После недолгого размышления аналитик отказал в ее просьбе. Хотя ему были непонятны многие факты, он сомневался в практической необходимости снижать плату, в чем, по ее словам, она нуждалась. Вместе с тем он вполне допускал возможность того, что она может прекратить анализ из-за его отказа. Главная причина отказа состояла в том, что он не хотел оказывать свои профессиональные услуги за еще более низкую плату или на тех условиях, которые она предлагала. Он понимал, что терапевтическая ситуация может теперь не восприниматься Нэнси как доброжелательная и надежная или что она будет считать, что анализ проводится на условиях, которые необходимы ему. Однако он считал, что для достижения терапевтического успеха они необходимы им обоим. В течение относительно короткого времени Нэнси устроилась на более удовлетворительную и лучше оплачиваемую работу, и она стала относиться к проблеме регулирования своего бюджета как к неотъемлемой части анализа.
Атмосфера дружелюбия, надежности и безопасности должна быть не только на начальной стадии терапии. Мы, аналитики, должны постоянно уделять внимание тому, как мы устанавливаем контакты во время анализа. Атмосфера дружелюбия и надежности может быть поставлена под угрозу тем, как аналитик отвечает на потребность или желание пациента получить информацию. Несмотря на возражения Стоуна, обсуждавшего проблемы аналитической техники (Stone, 1961), ответы на вопросы пациента продолжают приравниваться к удовлетворению потребности пациента, которое может снижать его мотивацию подвергнуть себя анализу.

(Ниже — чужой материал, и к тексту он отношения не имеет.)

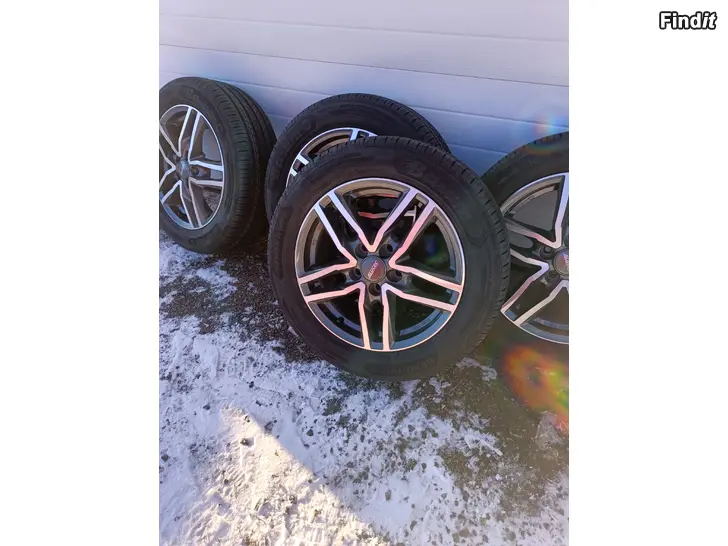 Myydään Baarum kesä renkaat alu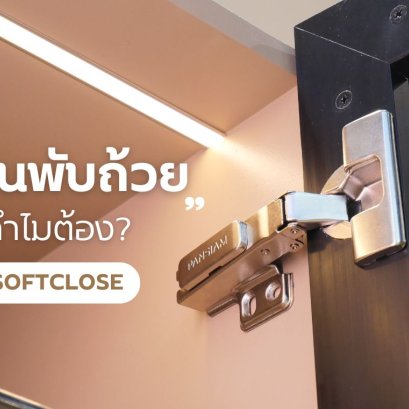 บานพับถ้วย ทำไมต้อง Soft-Close?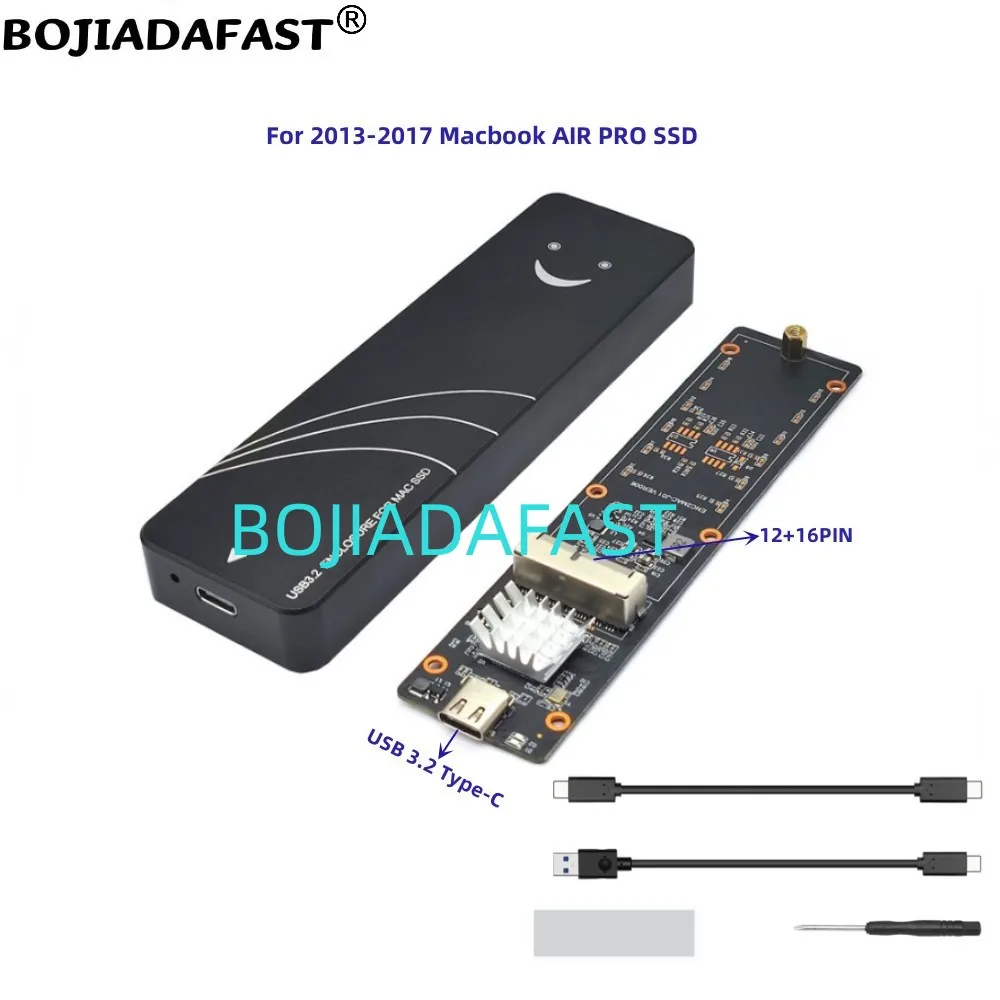 Boîtier SSD M.2 Nvme 20Gbps USB 3.2 Gen 2 pour SSD 12 + 16 Broches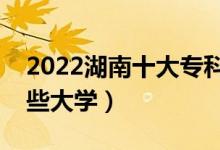 2022湖南十大?？茖W校排名（高職可以考哪些大學）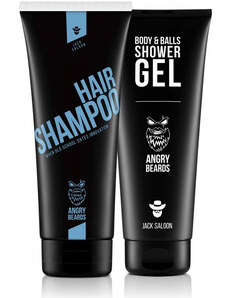 Angry Beards Shower set Urban Twofinger Šampón 250 ml + Sprcháč 230 ml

На наш взгляд, ответы на вопросы пациента могут содействовать аналитическому исследованию самой проблемы, поднятой пациентом. Например, когда Нэнси спросила (83:1:3): «Как вы можете заниматься этим весь день, слушать все это?», аналитик не промолчал, а ответил (83:1:4–6): «То, о чем вы спросили раньше, подразумевает, что я могу перестать себя контролировать? То есть, что я возбуждаюсь от того, что вы говорите». Своим ответом аналитик не нанес встречный удар: «Что заставляет вас задаться вопросом о моей способности вас слушать?» или «Что заставляет вас задаться вопросом о том, как я могу заниматься этим весь день?» или «Как, по-вашему, я могу заниматься этим весь день?» Мы признаем, что встречный вопрос с перефразированной формулировкой – совершенно корректная интервенция, предназначенная для выявления бессознательных фантазий пациента. Однако мы обнаружили, что подобные стандартные ответы аналитика очень часто разрушают открытость взаимодействия вместо того, чтобы способствовать исследованию. Они не совсем тактично перемещают центр внимания на пациента, не к месту напоминая ему, что он – пациент, который проходит анализ, что аналитик устанавливает правила одностороннего информационного потока и что пациент должен подчиняться. Они подразумевают, что все без исключения атрибуции, приписываемые аналитику пациентом, основаны на его фантазиях и любопытстве, являющемся причиной чувства стыда, и что пациенту придется объяснить, почему он задает такие вопросы.
Ни одна из этих стандартных перефразированных формулировок не передает постоянной погруженности аналитика в субъективные переживания пациента. В частности, в тот момент анализа Нэнси перефразированные формулировки аналитика не свидетельствовали бы о понимании им сексуального по своему содержанию материала, который только что был предъявлен. Таким образом, аналитик ясно выразил свое понимание соответствующих намеков Нэнси на сексуальность («перестать себя контролировать»), связав их с ее вопросом. Сохраняя целостность содержания и атрибуций, возникших при переносе, он укрепил способность Нэнси открыто выражать свои сексуальные фантазии. Кроме того, стандартные интервенции с использованием перефразированных формулировок чреваты тем, что вместо ощущения безопасности у пациента усилится чувство неловкости. Чтобы предотвратить эту опасность, мы выдвигаем второй принцип.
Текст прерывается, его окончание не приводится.